In a response to the Financial Services Council’s (FSC) Value and Future of Advice Licensing report, Assured Support said it failed to recognise the problems caused by institutional licensees which led to the Hayne royal commission.
This included entrenched conflicts of interest, cultural failures, systemic misconduct, and deliberate non-compliance within large licensees. This raft of failures is a reason that the sector now has stricter regulation and compliance costs.
“Consumers do not experience harm through licensing structures – they experience it through poor advice, unclear accountability, and limited recourse. Regulatory architecture should reflect this reality by prioritising consumer outcomes – clarity, fairness, and trust – over institutional convenience.
“When consumers suffer harm, they rarely care about business models; they care about recourse, clarity, and fairness. So should the law.”
It is also the commercial and reputational fallout for the sector from the commission, which has led many advisers to move over to a self-licensed model in the first place, it wrote – a sector which has been growing rapidly in recent years.
“Advisers who chose to become self-licensed were not merely reacting to fees or operational frustrations.
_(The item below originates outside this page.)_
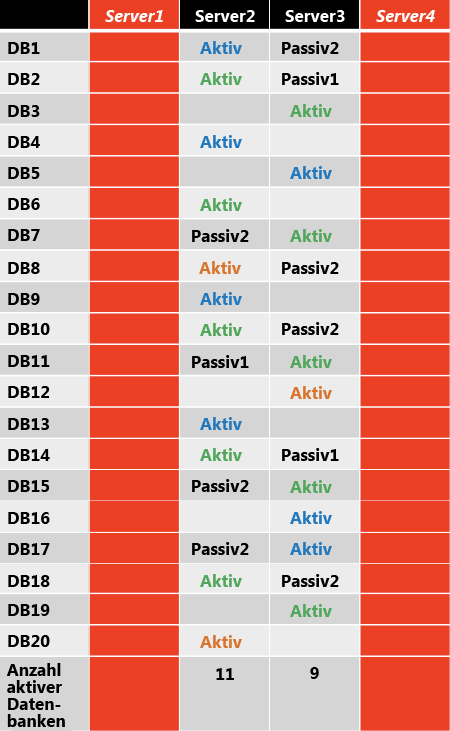 Verteilung der aktiven Kopie nach einem anderen Ausfall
They were responding to an environment where institutional governance had failed, remediation obligations were imposed at a massive scale, and reputational risk flowed from the licensees’ own conflicts and misconduct.”
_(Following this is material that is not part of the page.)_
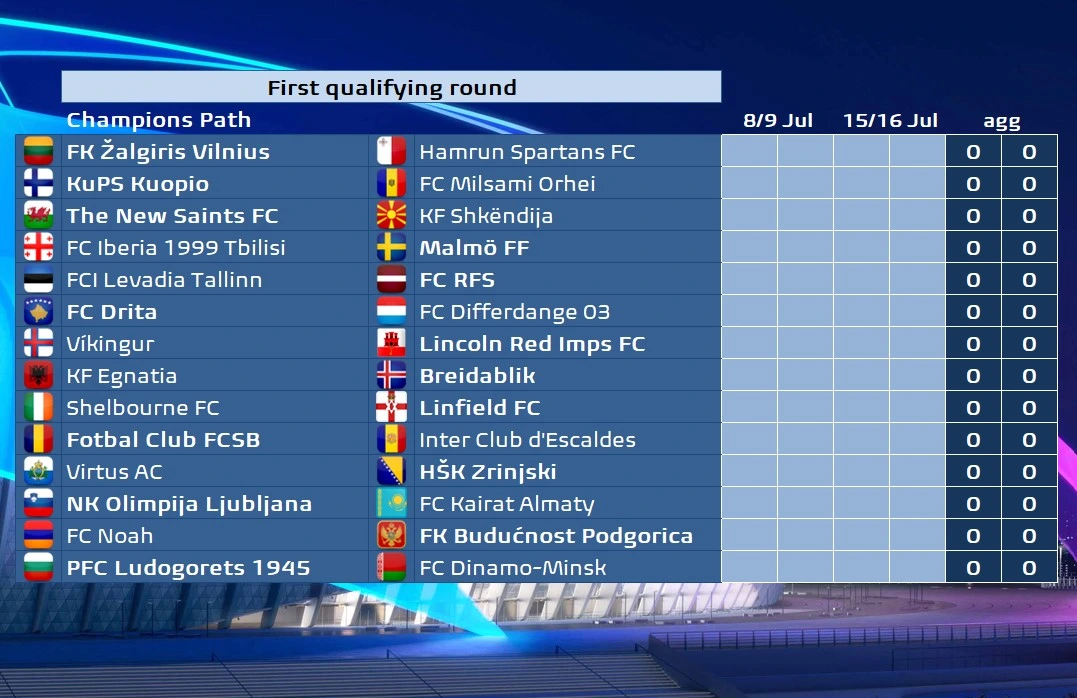 Tragerea la sorti pentru primul tur al Ligii Campionilor. FCSB si-a aflat adversara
On the topic of self-licensing, it also suggested an alternative lens that “licensed and self-licensed” could be a model of agent versus principal licensee, although it flagged this as a conceptual idea rather than a request for a legislative amendment.
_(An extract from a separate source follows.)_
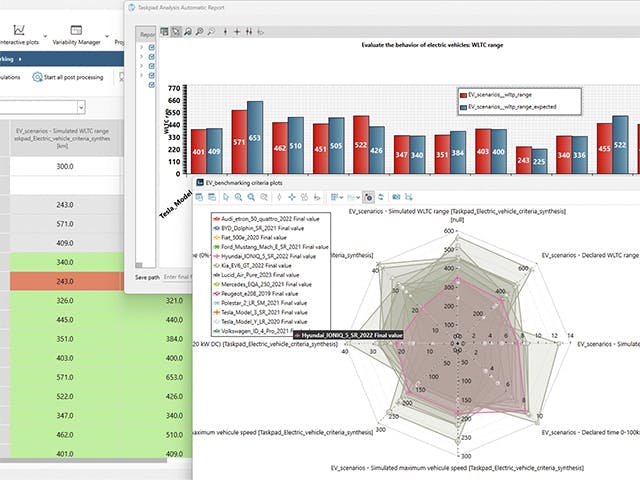 Graphiques du logiciel Simcenter System Analyst.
The current usage of the two terms, particularly within the FSC’s paper, is “problematic” as it obscures the varying governance, accountability and decision-making capabilities between different AFSLs.
Under Assured Support’s recommendation:
- In a principal model, the advisers themselves influence or control governance and are embedded in the decision-making of the business.
- In an agent model, advisers provide services under a licence held by an unrelated entity, with centralised oversight but less day-to-day involvement in operations.
The proposed naming convention would instead help to demonstrate why smaller licensees may have stronger oversight and fewer conflicts than larger ones, and avoid conflating the size of a licensee with its risk.
For example, the FSC paper implied self-licensed practices may face greater risk as they conduct compliance internally, but Assured Support countered many tend to have greater oversight as they outsource compliance to independent providers.
“[This proposed model] shifts the focus away from crude distinctions of size and structure and towards the fundamental determinants of risk and culture: who controls the licence, how decisions are made, and where accountability ultimately lies. By understanding licensees through this lens, policymakers can better target regulation to the risks inherent in each model, rather than perpetuating narratives that oversimplify and mischaracterise the industry.”
Successful reform, the paper concluded, would require continued collaboration between regulators, licensees and policymakers, as well as evidence-based proposals and a focus on prioritising client outcomes.
“If approached in this spirit, the current debate provides a rare opportunity not just to adjust the mechanics of licensing, but to reshape the culture and expectations of the entire sector.”